Utilities for Working with VBuffers

ML.NET's runtime code has a number of utilities for operating over VBuffers that we have written to be generally useful. We will not treat on these in detail here, but:

  • Microsoft.ML.Data.VBuffer<T> itself contains a few methods for accessing and iterating over its values.

  • Microsoft.ML.Internal.Utilities.VBufferUtils contains utilities mainly for non-numeric manipulation of VBuffers.

  • Microsoft.ML.Numeric.VectorUtils contains math operations over VBuffer<float> and float[], like computing norms, dot-products, and whatnot.

  • Microsoft.ML.Data.BufferBuilder<T> is an abstract class whose concrete implementations are used throughout ML.NET to build up VBuffer<T> instances. Note that if one can simply build a VBuffer oneself easily and do not need the niceties provided by the buffer builder, you should probably just do it yourself.
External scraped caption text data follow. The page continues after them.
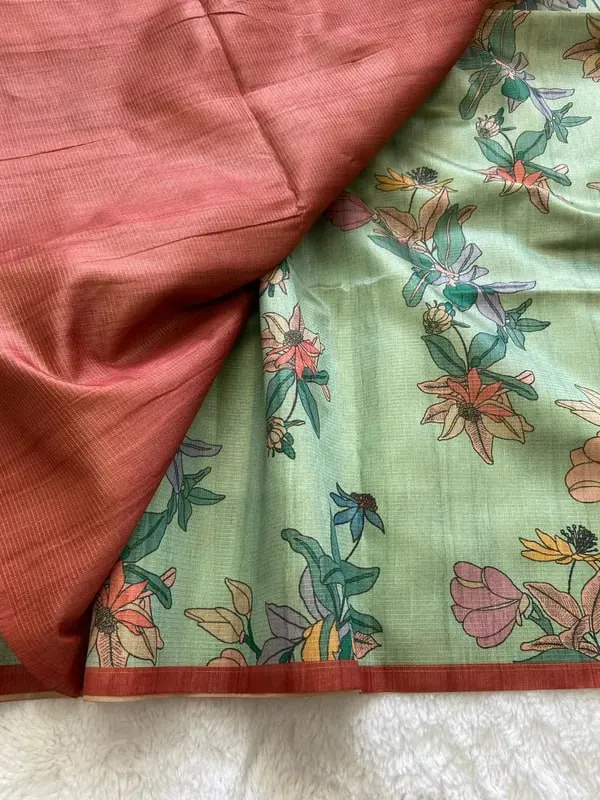 Soft_Tussar_Silk_sarees_with_Beautiful_Digital_Print_With_Attractive_Checks_Design_Saree_And_Digital_Print_Blouse_With_Tassels
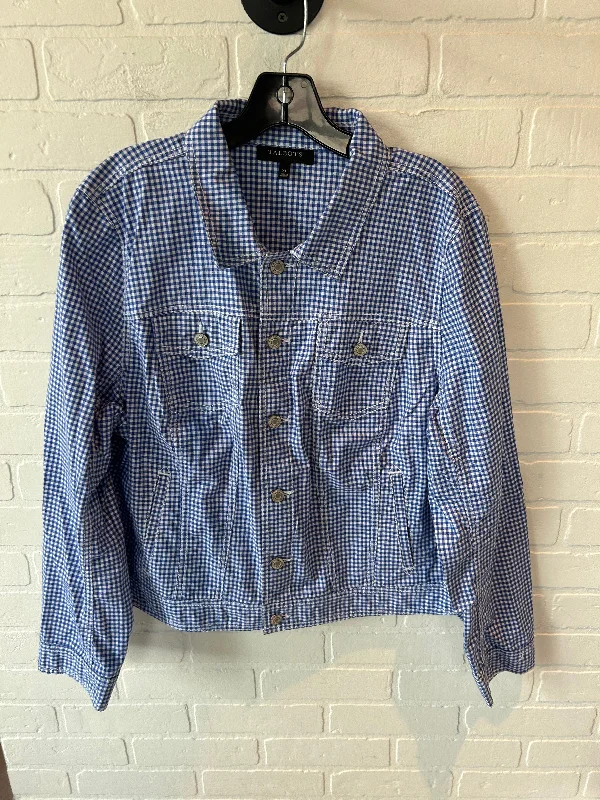 Jacket Shirt By Talbots In Blue & White, Size: Xl Refined Men's Classic 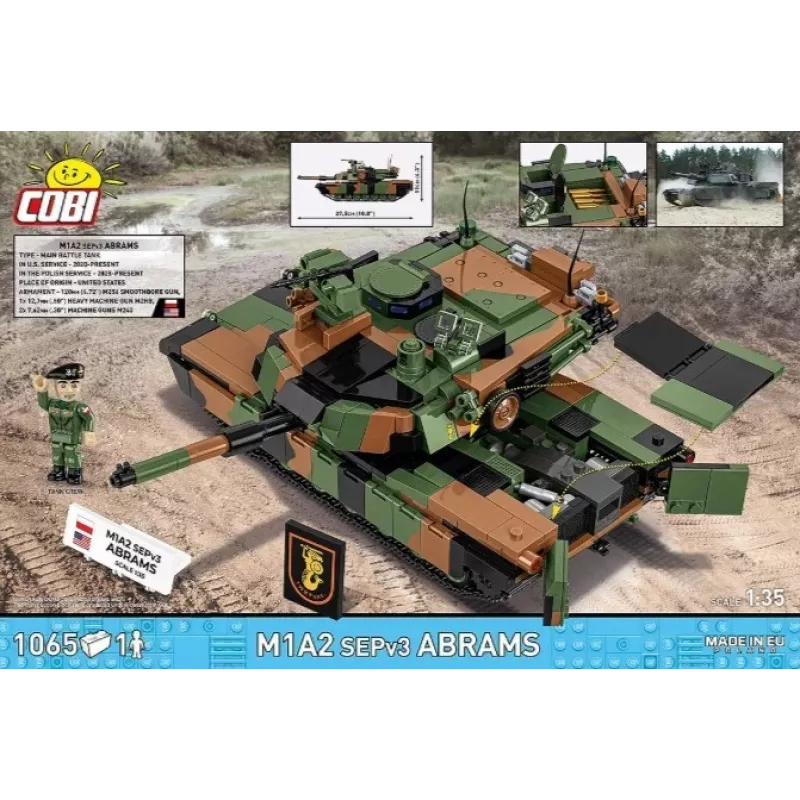 Construction set Cobi M1A2 SEPV3 Abrams model with 1,065 bricks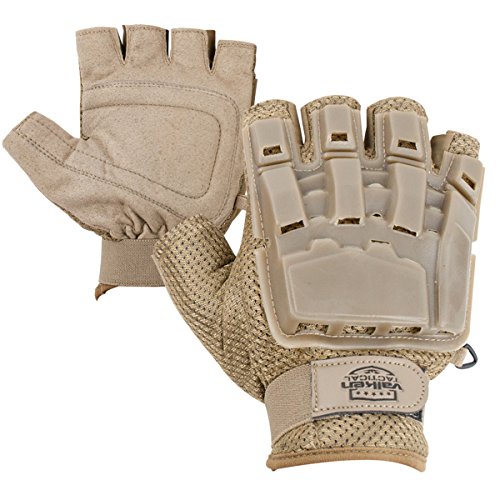 Valken Half Finger Plastic Back Gloves, Tan, Medium/Large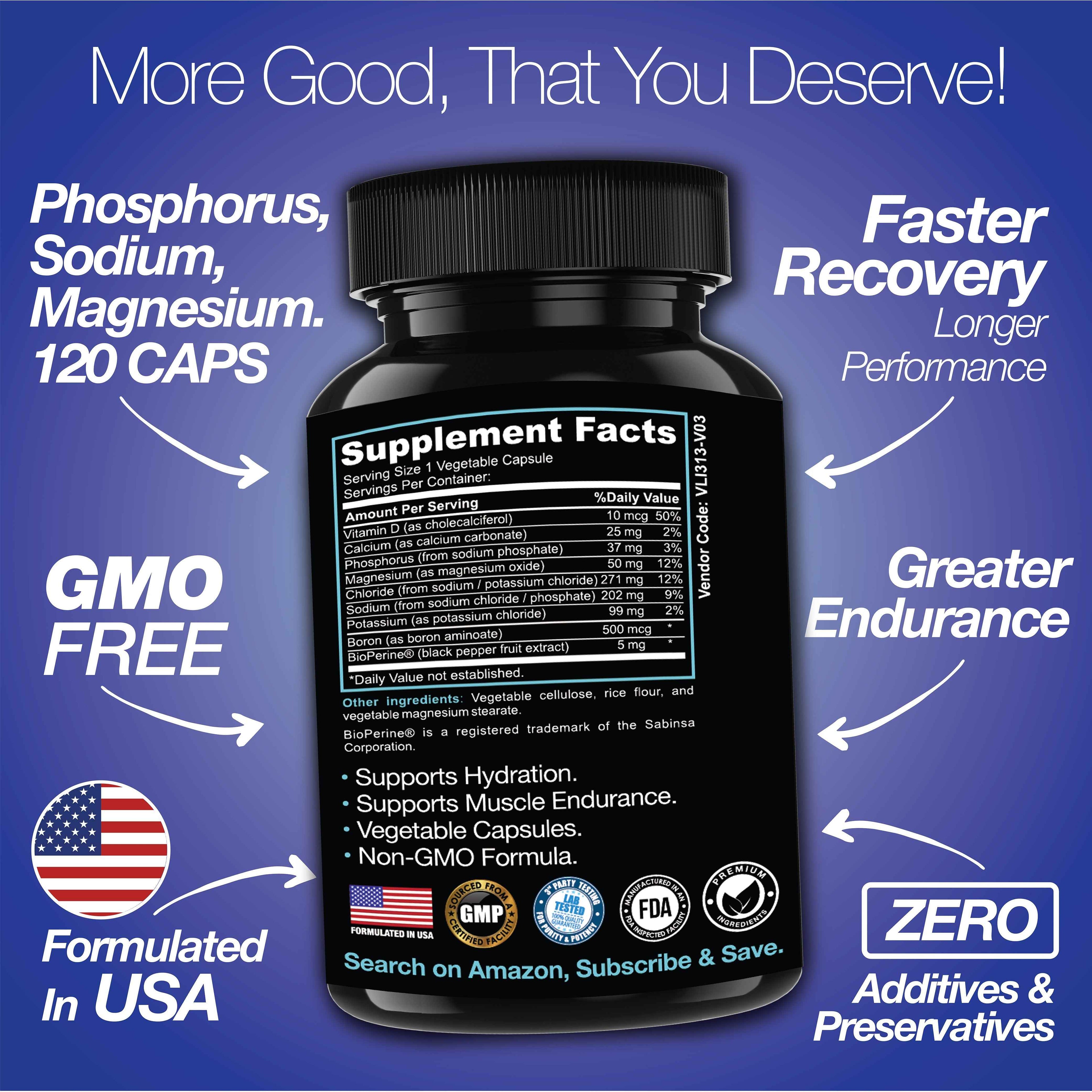 Rapid Rehydr8 Electrolyte Supplements 100 Capsules – Aid in The Prevention of Cramping and Supports Muscle Endurance and Recovery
  • Microsoft.MachineLearning.Internal.Utilities.EnsureSize is often useful to ensure that the arrays are of the right size.

Golden Rules

Here are some golden rules to remember:

Remember the conditions under which Indices and Values can be null! A developer forgetting that null values for these fields are legal is probably the most common error in our code. (And unfortunately one that sometimes takes a while to pop up: most users don't feed in empty inputs to our trainers.)

In terms of accessing anything in Values or Indices, remember, treat Count as the real length of these arrays, not the actual length of the arrays.

If you write code that results in two distinct VBuffers sharing references to their internal arrays, (for example, there are two VBuffers a and b, with a.Indices == b.Indices with a.Indices != null, or a.Values == b.Values with a.Values != null) then you've almost certainly done something wrong.

Structure your code so that VBuffers have their buffers re-used as much as possible. If you have code called repeatedly where you are passing in some default(VBuffer<T>), there's almost certainly an opportunity there.

When re-using a VBuffer that's been passed to you, remember that even when constructing a dense vector, you should still re-use the Indices array that was passed in.